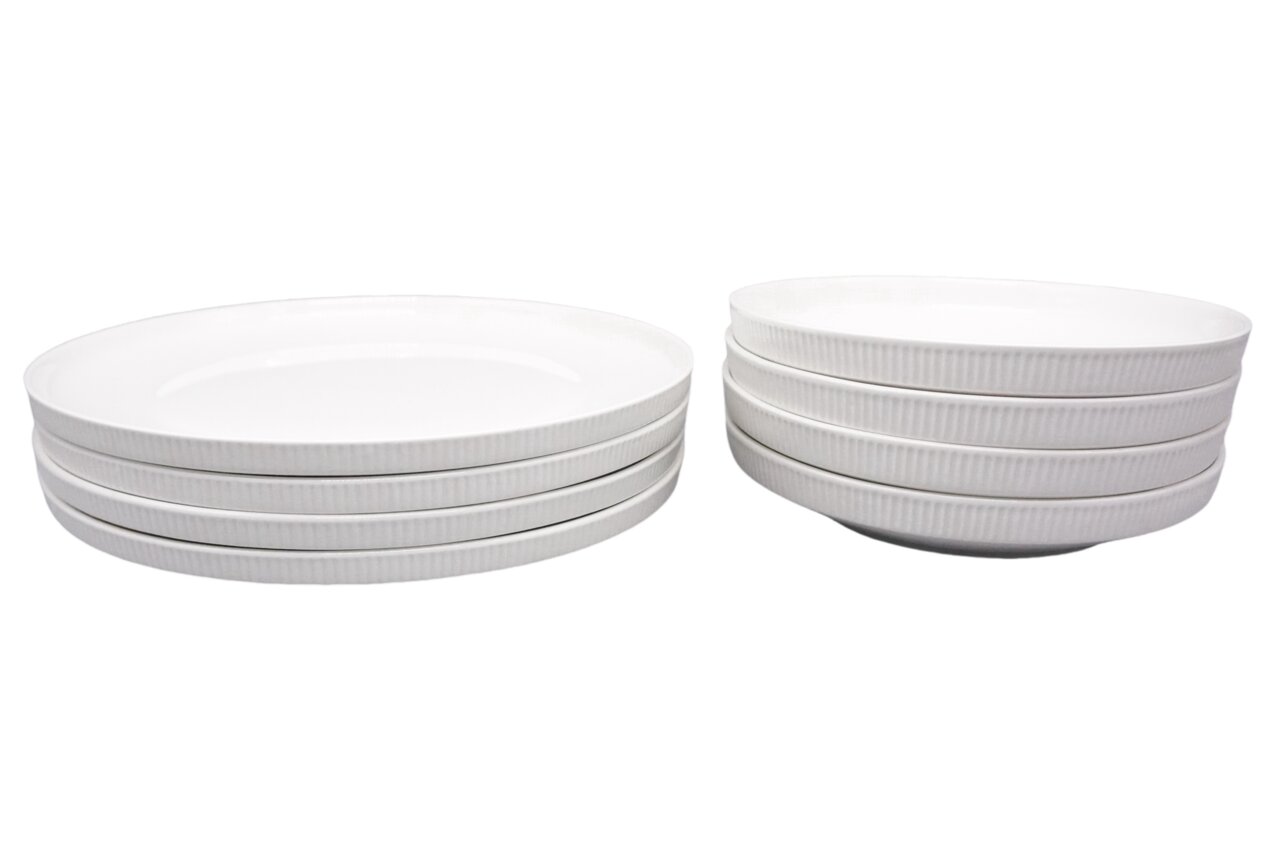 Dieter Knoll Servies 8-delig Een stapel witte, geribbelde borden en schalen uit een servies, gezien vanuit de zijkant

---

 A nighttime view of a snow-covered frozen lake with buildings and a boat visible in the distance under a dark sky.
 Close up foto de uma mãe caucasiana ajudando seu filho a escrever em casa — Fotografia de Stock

ACTION ITEM: From the records above, print only the lines between the one holding "A nighttime view" and the one holding "Close up foto", inclusive, exactly as they stand.

FINISHED TASK:
 A nighttime view of a snow-covered frozen lake with buildings and a boat visible in the distance under a dark sky.
 Close up foto de uma mãe caucasiana ajudando seu filho a escrever em casa — Fotografia de Stock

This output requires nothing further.